Data model design overview
Updated: December 2005

The Workbench design manages an interconnected set of data describing chemical compounds, interactions, pathways, cell geometry, and visual attributes. The data model is a conceptual view of that data that describes the main data components and how they are related. This conceptual view is made concrete through several implementations:

  • Programming API - the classes and methods that manage the data
  • File format - the file syntax used to store that data
  • Database - the database schema used to store that data

The pages here discuss the conceptual view of the data. Please see the file formats and database overviews for a discussion of data storage, and the Workbench's API documentation for the Java implementation of this data model.

Principal data objects

There are four main data structures about which the rest of the data model revolves:

Compound
A description of a compound that may be used within a pathway. A compound names the chemical and includes core attributes such as its type (e.g., protein, small molecule, etc.) and ontological information (what type of protein?). Database IDs may be attached to look up detailed information about the compound and cache it into the Workbench's data structures.
Participant
A description of the use of a chemical compound within a pathway. A participant refers to a chemical compound description for general attributes of the compound, then adds usage-specific attributes such as stoichiometry and charge, the cell compartment involved, time course data, and commentary on the participant's role in the pathway.
Interaction
A description of a reaction involving two or more participants. Those participants are grouped into reactants, products, and catalyst participants. The interaction can be marked as reversible, its enzymes as activating or inhibiting the reaction, and assigned a name, commentary, database IDs, and other attributes.
Pathway
A description of a reaction network involving one or more interactions and their participants.

Secondary data objects

The design's primary data objects refer to secondary data objects for key attributes including:

Cell Compartment
The region of the cell in which a participant is involved in an interaction (e.g., nucleus, cell membrane, etc.). A compartment is minimally a named region. It may include a location and size for the region and compartments may be organized into a containment hierarchy of compartments within compartments.
Organism
The organism for whome the data is relevant (e.g., mouse, human, etc.). An organism minimally has a name, but may also include classification data to place it within a taxonomy of organisms.
Simulation Parameters
Data to specify kinetic rate laws, initial conditions, or experimental data on concentration changes, and so forth.
Presentation Parameters
Visual attributes, such as the location, size, and color of pathway components.
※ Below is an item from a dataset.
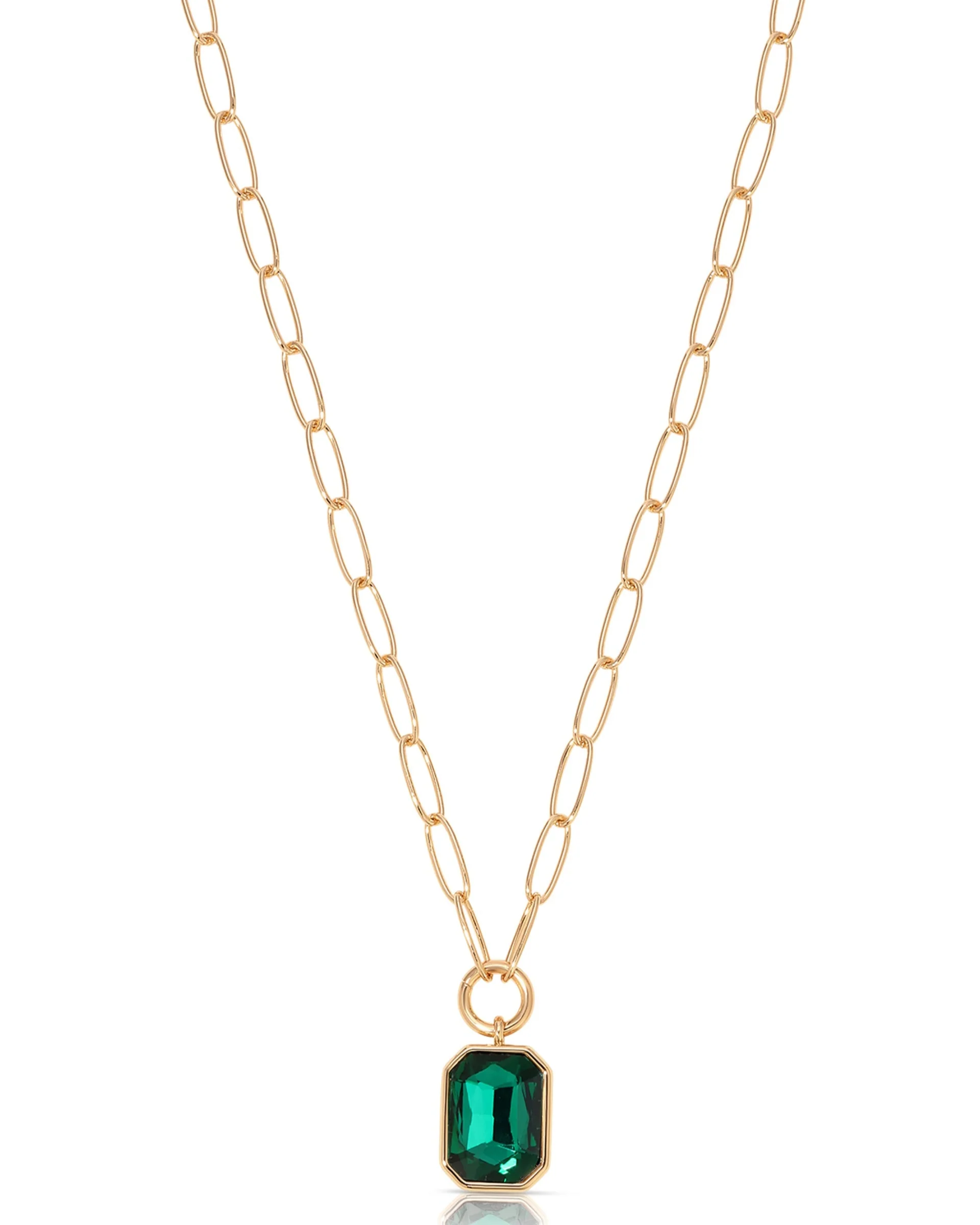 Deco Pendant Necklace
All secondary data is optional.

The Workbench includes general-purpose data structures for these or any use, including data structures for 3D locations, 3D bounded regions, colors, numeric values, value ranges, value lists, units of measure, text values, URLs, and so on.

Types and classifications

Ontological information may be attached to each of the principal data objects, and many of the other major data structures. This ontological information includes:

Simple type
A simple type that broadly classifies the item (e.g. protein vs. small molecule). The simple type is often all that is supported by existing file formats, and is sufficient to guide visualization and user interfaces to present the data object appropriately (e.g. draw proteins in blue and small molecules in green).
Detailed classifications
A list of one or more classification tuples that name a classification scheme and select the specific classification within that scheme. A data object may have multiple classifications, simulatenously including those particular to a database, file format, project, or lab.

Terms and vocabularies

The prinicipal data objects, types, classifications, and so forth are handled generically within the Workbench. They are all classed as terms - named objects that may be organized into vocabularies. Terms may be organized hierarchically within a vocabulary, such as for NCBI's taxonomy of organisms or for a containment hierararchy of cell compartments. Vocabularies are themselves terms, enabling vocabularies of vocabularies and hierarchically nested vocabularies.